Sometimes when I’m feeling particularly daydream-y, I imagine living in a world in which we don’t constantly hound our famous people on their sexual orientation, when we can admit that that particular element of their lives has absolutely nothing to do with their careers. I’m hoping it’s less far off than it seems, but until the moment comes when there isn’t a stigma attached to it, I’m glad we have people like Joseph Gordon-Levitt to help us navigate.
In a recent interview with Out Magazine, JGL was asked about a short film he made ten years ago called ‘Pictures Of Assholes’, in which he films the same paparazzi who are trying to film him. In the film, he asks them about their motives for doing so, and after refusing to answer for a while, they admit that they filmed him because he was with a male friend:
“We saw a young star with another guy, and it’s implied that there’s something going on. The whole gay thing — it intrigues people.”
“That would be really tacky—they would win if I had to clarify.”
For me, that response is perfect. We shouldn’t even be asking stars about their sexuality in the first place, because that’s none of our business. You wouldn’t ask a non-famous stranger, or even a new friend or acquaintance that you didn’t know that well, so why do you feel you’re entitled to the information when it’s a celebrity? Why do you feel the need to invade yet another aspect of their life when there are already so many aspects of their privacy that they can’t control?

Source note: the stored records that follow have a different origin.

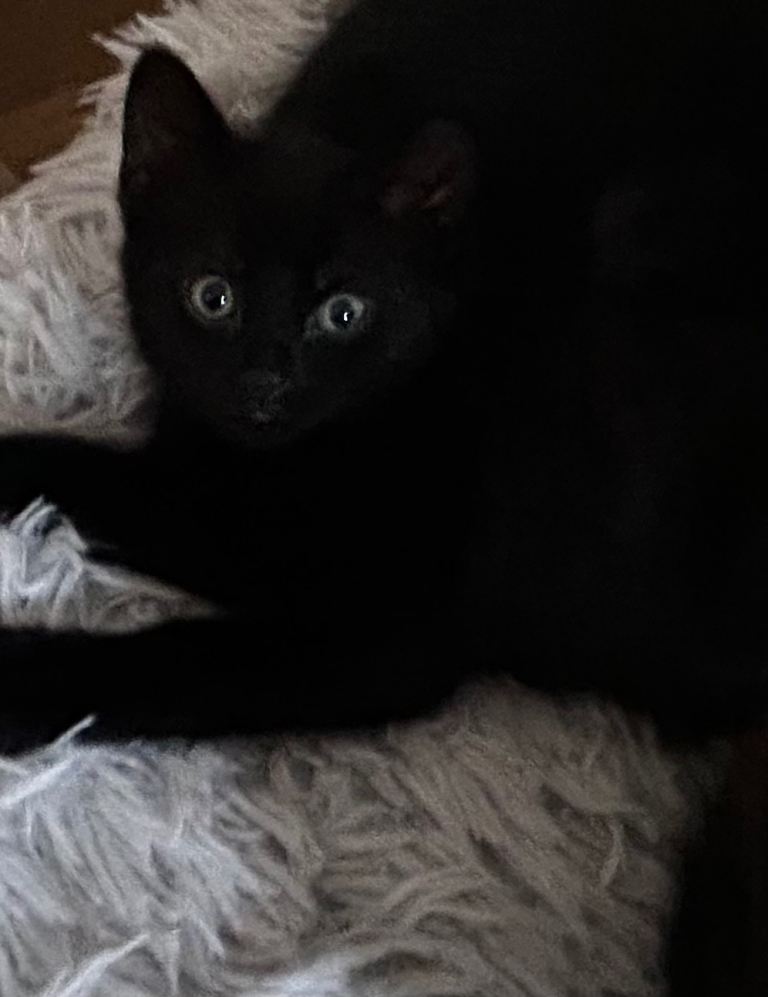 Gorgeous Ojo azule mixed kittens 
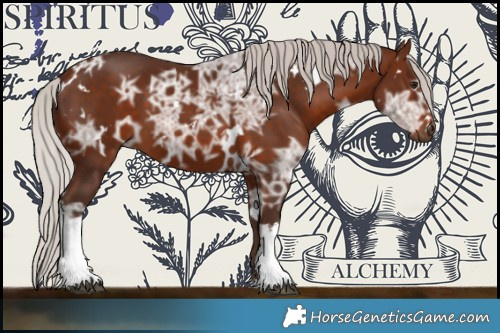 Horse Color:White Spotted Silver Bay Ice 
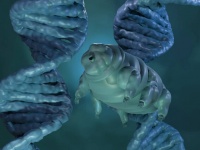 地球最強生物「クマムシ」の秘密が明らかに。防御モードを発動させる分子スイッチが判明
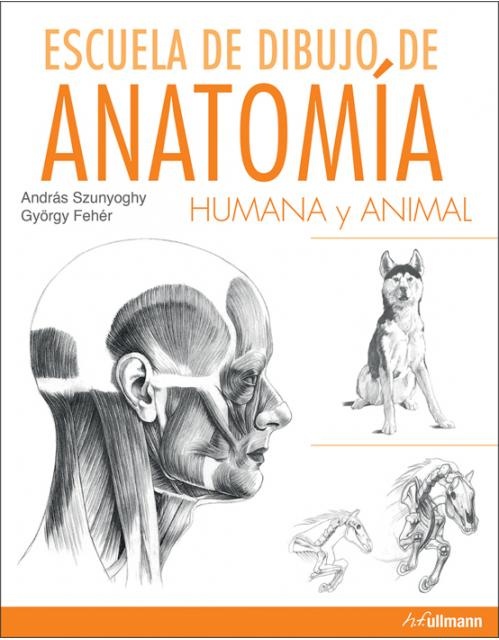 Escuela de dibujo de anatomia humana y animal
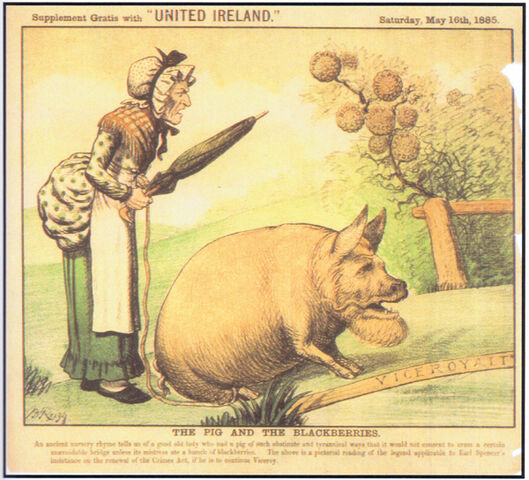 File:1885-05-23 Reigh pig blackberries.jpg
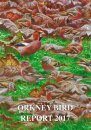 Orkney Bird Report 2017
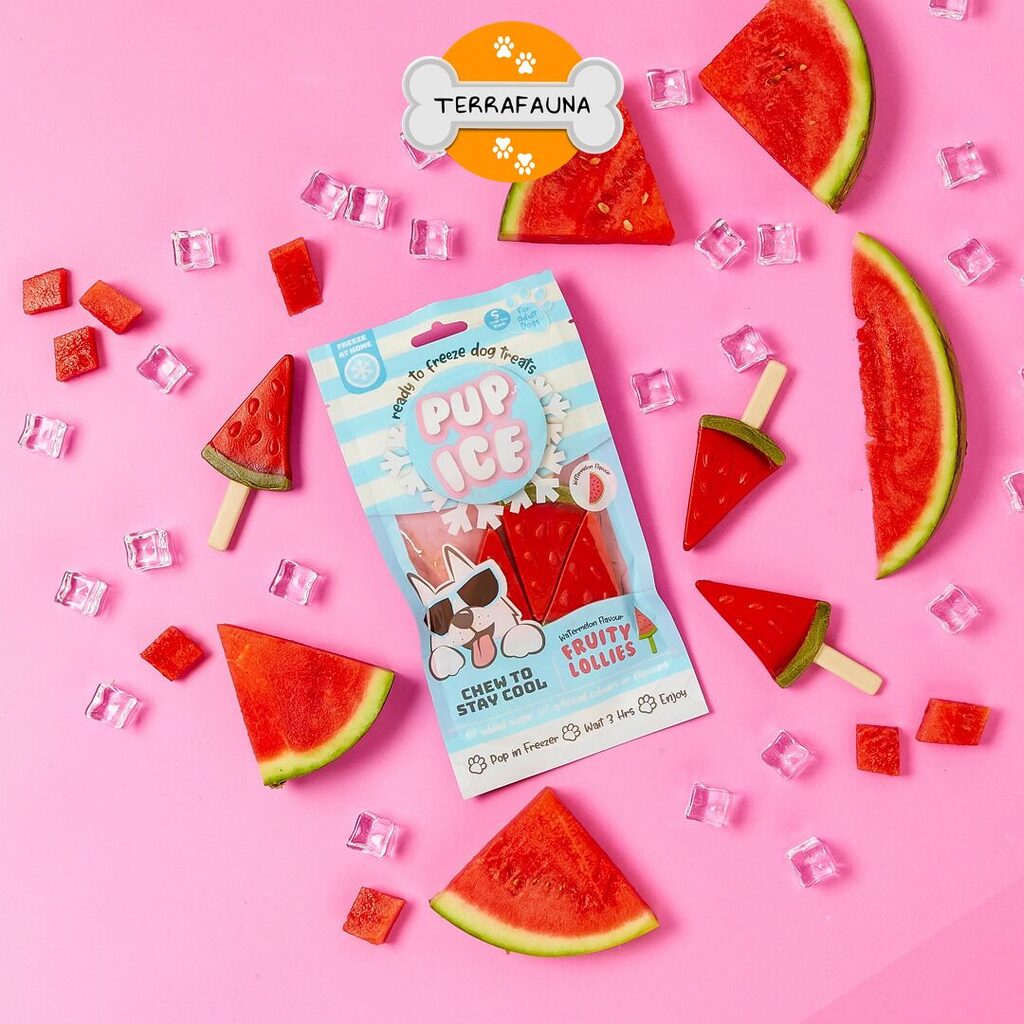 Helado natural para perros sabor sandía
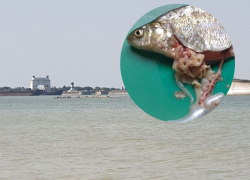 Каких паразитов можно подхватить после поедания рыбы из Цимлянского водохранилища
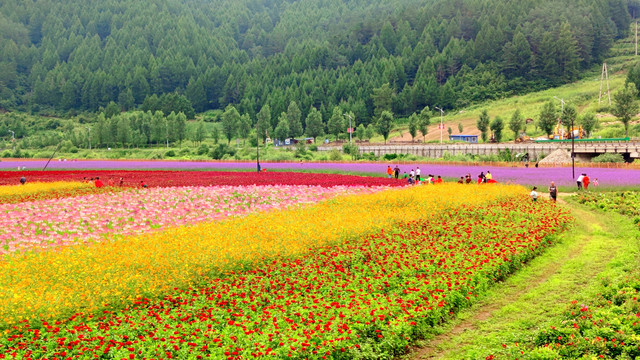 花海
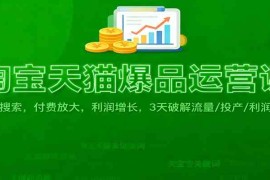 淘宝天猫爆品运营课：免费搜索，付费放大，利润增长，3 天破解流量/ 投产/利润痛点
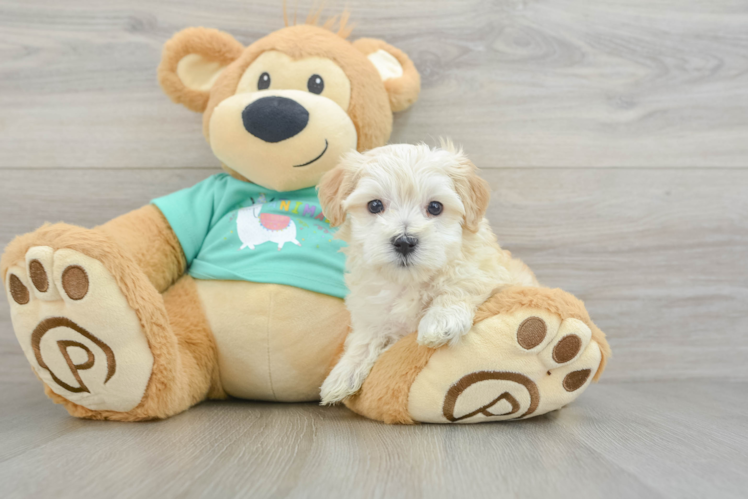 Best Maltipoo Baby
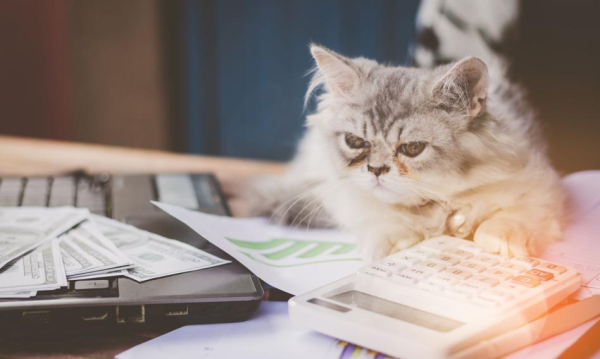 Orlen na szczycie, inflacja w dół i Niemcy bez wzrostu. Graficzny przegląd tygodnia. Rekordowa Wycena Orlenu Inflacja Poniej 3 I Niemieckie Zero Tydzie Na Wykresach Fce80c3, NEWSFIN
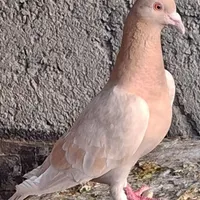 کفتر نر سبز و یک عدد ماده|پرنده|گناباد, |دیوار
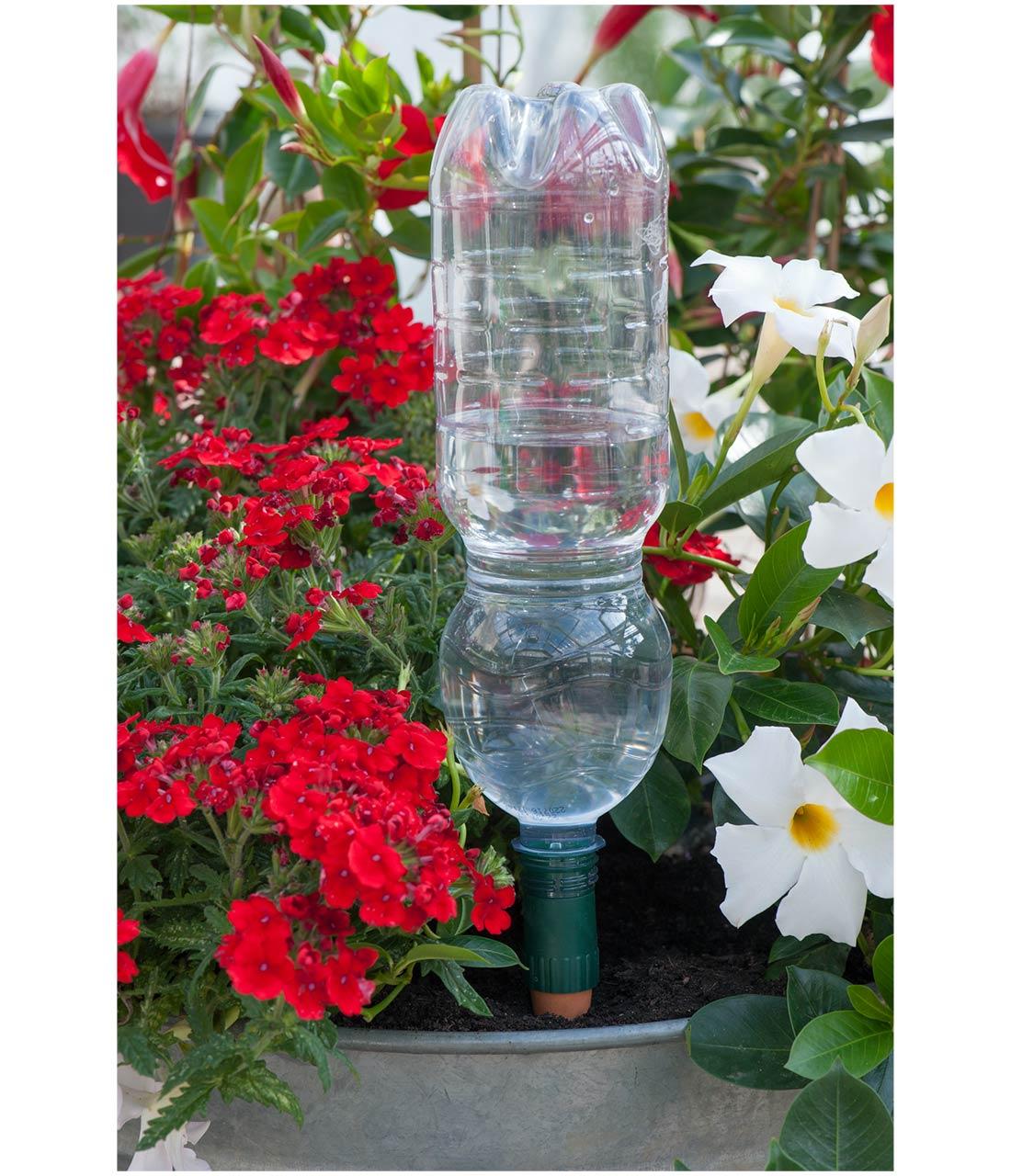 Blumat Easy + Bottle Adapter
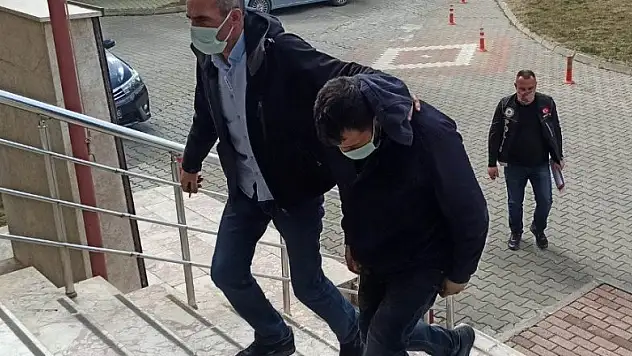 Konya polisinden bonzai operasyonu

I agree that it’s a great thing when celebrities do decide to come out publicly, because it sets a great example for young fans who might be struggling with their own identities, but just because some people do that doesn’t mean it’s not a choice. These people don’t owe us anything, and it doesn’t matter either way, so why is it so important that we hound them until we finally get the answer that we want to hear or that we’ve believed all along?
That’s what I think Joseph Gordon-Levitt is getting at, and why I respect his response so much. I’m sure he knows his deal, and that his family does, and his friends, so arguing with a camera-toting stranger on a dark street corner in 2003 as if there’s something wrong with the implication that he might not be straight could not be further from productive.